1. Your Manicure Is What’s Wrong With This Country

I was casually watching “The Real Housewives of New York City” at the gym recently (because it’s okay as long as it’s just background noise, or that is what I tell myself). Two of the monied women meet for a very staged pedicure date. They go to a Madison Avenue nail salon. It is relatively nice. Everything is pink, and the Asian women who work there have uniforms, which if you go to nail salons, you know this is rare. They giggle while the two white women hit every talking point that Bravo producers have given them, which range from who of their group is “spicy” and what kind of men they’re looking for. There are rose petals in their pedicure bowls. The whole time you’re watching this you can’t help but think how fucked up it is. Nail salons and their excruciating class and culture dynamics have been a thing both sides of the interaction have quietly accepted for a long time. But seeing it causally exploited on a bombastic, superficial television show, without regard or reference, made it very clear just how dismissive we’ve become of a real problem. I continued running and flipped over to the much more acceptable, less fake “Kardashians” instead.

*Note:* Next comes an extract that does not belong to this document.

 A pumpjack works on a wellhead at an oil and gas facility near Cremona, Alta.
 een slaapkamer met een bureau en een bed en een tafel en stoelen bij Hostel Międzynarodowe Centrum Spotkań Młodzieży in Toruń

Sarah Maslin Nir did an impeccable job investigating that very issue for the New York Times this week, in the first installment of their “Unvarnished” series exploring the American obsession with nail care and its consequences. Over 150 salon owners and workers were interviewed from the most egregious city for nail salon offenses, New York. It’s always been apparent that the women who come here just to make an honest America dollar working in nail salons are mistreated and taken advantage of by the salon owners. The fact that beyond the class and race disparities between customers and workers in these salons, there is also a race and age-fueled caste system within their own ranks, makes the issue a complex knot that policy makers desperately need to untie. Nir found that most of these salon workers aren’t even paid until they’ve proven themselves to the salon owner by some standard that can only be deemed as arbitrary and incredibly illegal. Once they are paid, it’s on average a day rate of $10-$30 with their tips also being skimmed. Some of their nail overlords practicing what is essentially feudalism even charge the workers to work there. And that is what the American dream means to some people.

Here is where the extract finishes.